* Records for this task:
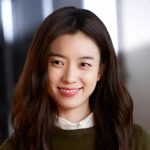17 Drakor yang Diperankan Oleh Han Hyo-joo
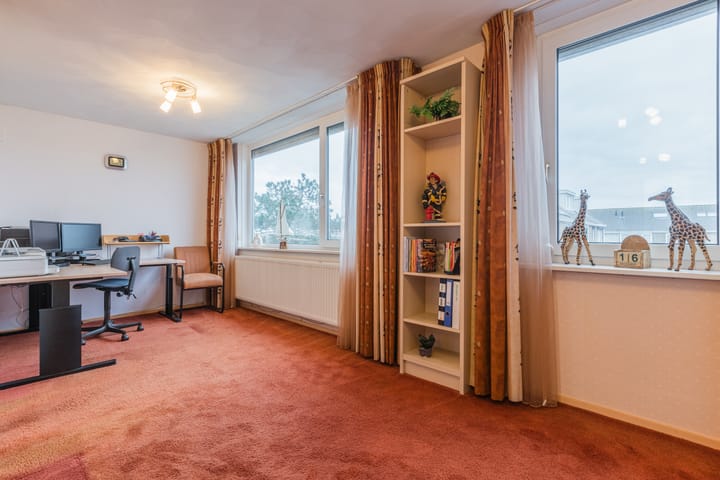 Foto 27 van Prinses Beatrixstraat 6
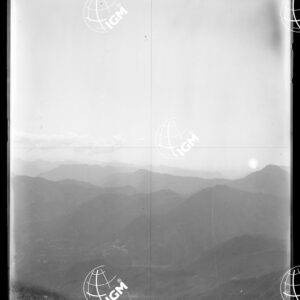 Gruppo delle Grigne Panorama 1 sin. Fot. 4 - LN00020515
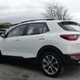 Kia Stonic SUV (17 on) 2 1.0 T-GDi 118bhp ISG 5d For Sale - Brendon Service Station, Washford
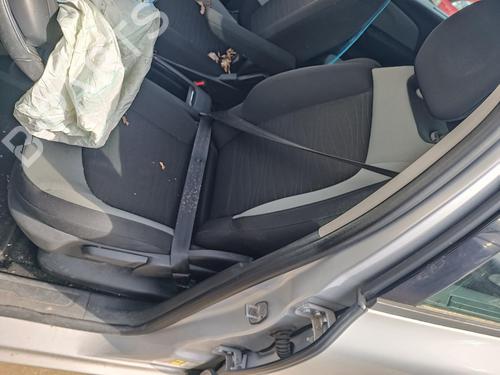 Right daytime light CITROËN C4 Picasso II 1.6 HDi / BlueHDi 115 | BP27123316C103 - Image 5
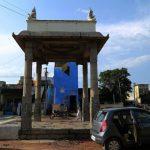 10188898096_1942ad9650_h, Pachai Varana Perumal Temple, Agaramel, Thiruvallur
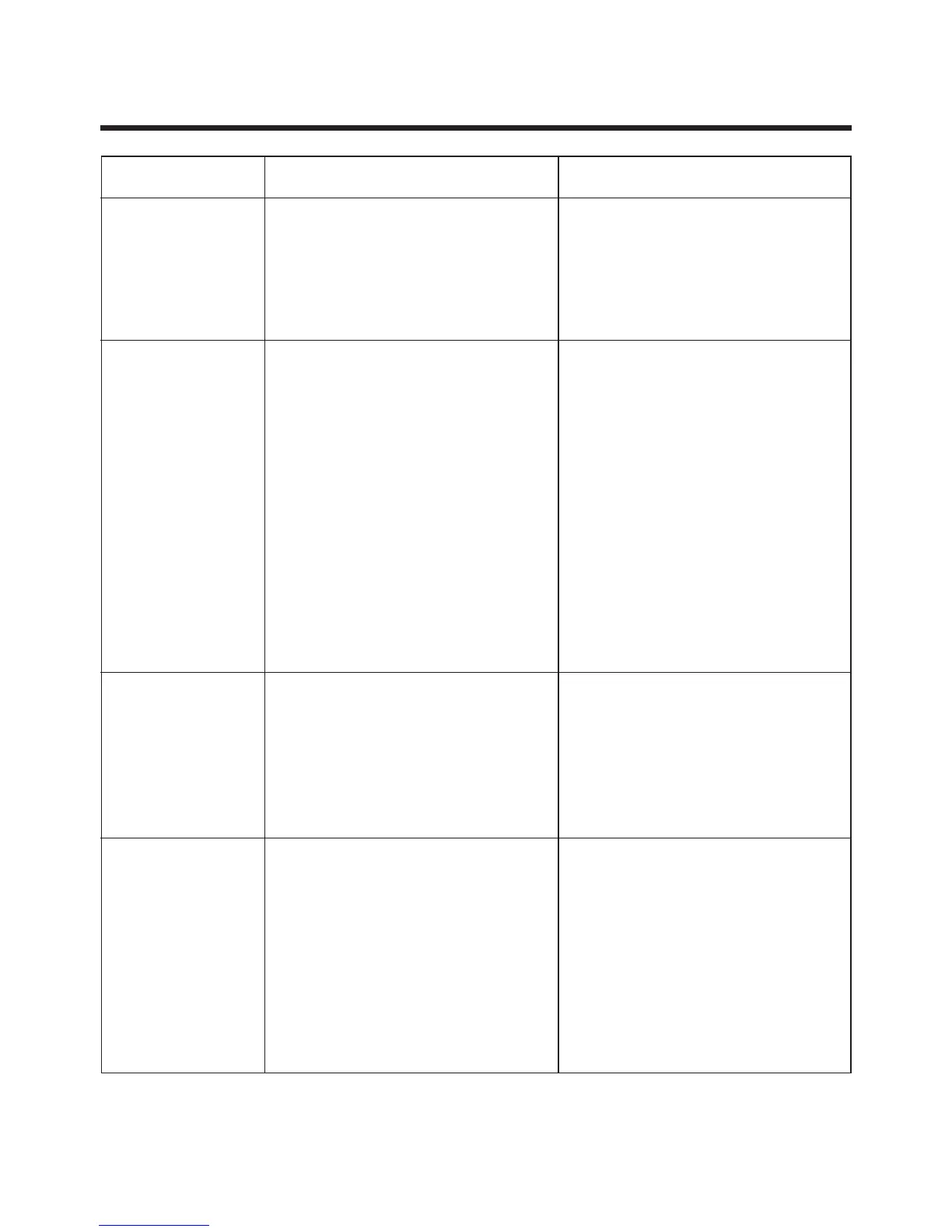 Page #416 background image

* Work instructions: Pictures are to be left out. Write out only the lines above starting at the one with "Gruppo delle Grigne" and ending at the one with "Right daytime light", both lines included, exactly.

* Response below:
 Gruppo delle Grigne Panorama 1 sin. Fot. 4 - LN00020515
 Kia Stonic SUV (17 on) 2 1.0 T-GDi 118bhp ISG 5d For Sale - Brendon Service Station, Washford
 Right daytime light CITROËN C4 Picasso II 1.6 HDi / BlueHDi 115 | BP27123316C103 - Image 5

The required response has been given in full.